Because I had ditched the television there was no option to screen my thoughts for hours and I could hardly lie on the floor and do nothing. Actually I could, who would stop me (except my own inner drive). So you begin to do your thing: read a book, scrape layers of toffee-brittle gloss paint off the stairs, light a fire, plant bulbs, read the paper, text people, take things into the attic – whatever. You gradually learn your own flow and what you like doing when. No one is a “lazy” person: we are all blocked about doing certain tasks, and energised by other ones. And sometimes we are spurred to do something we couldn’t face an hour earlier. And in going with your flow you learn about you: your likes, your dislikes, your natural body clock, your energy and your ennui.

Whatever you do is not watched, so it cannot be judged a waste of time, or the “wrong” thing, or a task being done at the wrong time or, indeed, mad. Rarely does anyone do day-to-day tasks at the wrong time or in the wrong way: it is only that if it is being judged by someone who does it differently.

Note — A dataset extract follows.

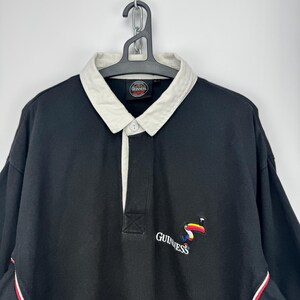 Puede incluir: Camisa negra de manga larga con cuello blanco y tapeta abotonada. La camisa presenta un logotipo de Guinness con un tuc&aacute;n y la marca de palabras Guinness. Rayas rojas y blancas acent&uacute;an las mangas.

Contrary to my own preconceived belief that slumber would be a nightmare, I slept soundly. My street is silent, the home has a good vibe (thank-you previous inhabitants) and I felt calm. Where were the anticipated head-spinning thoughts? I felt I had landed in a cosy nest and in my natural state of being.

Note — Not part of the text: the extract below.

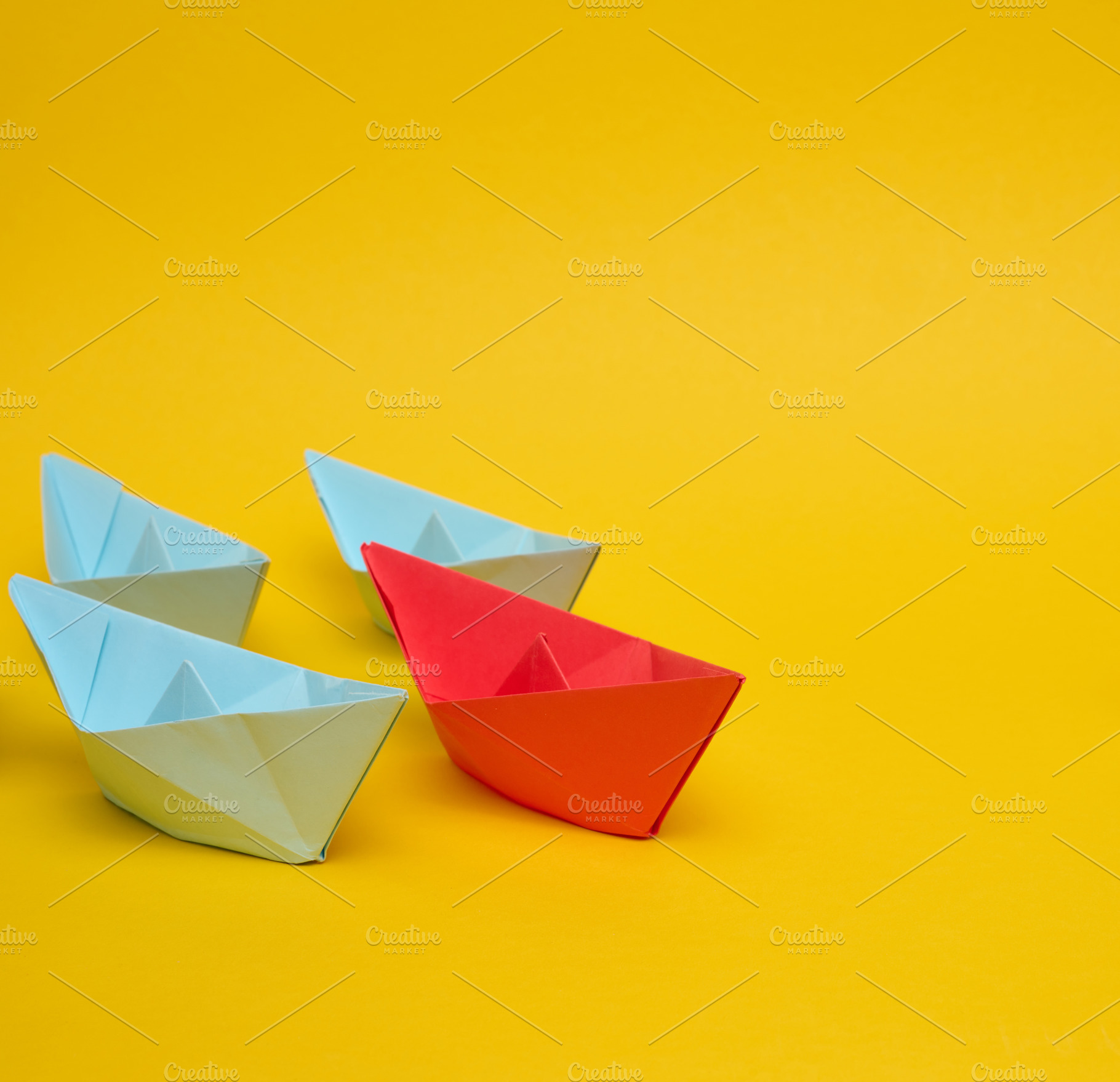 A red paper boat leads a group of three blue boats against a bri, an Abstract Photo by ndanko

I always knew I did not want to live alone forever. And I don’t now. It lasted a year and a half. And in that time I learned a lot about myself and, funnily enough, it made it easier to live with someone else. Even if I compromise to suit them sometimes – which is how any people live together – I know what I like and where the compromise is.

Living alone is not all nirvana (for me anyway) but there is much learning in it. And there is a proviso, while time spent living alone can be valuable it is not about being alone in the world – that is not funny. Living alone ideally involves someone you can text with life’s trivia at any time (be it a good friend, family member or lover – or all three), a friend who you can phone, drop in on or go out for coffee with at any time, as well as other friends and family.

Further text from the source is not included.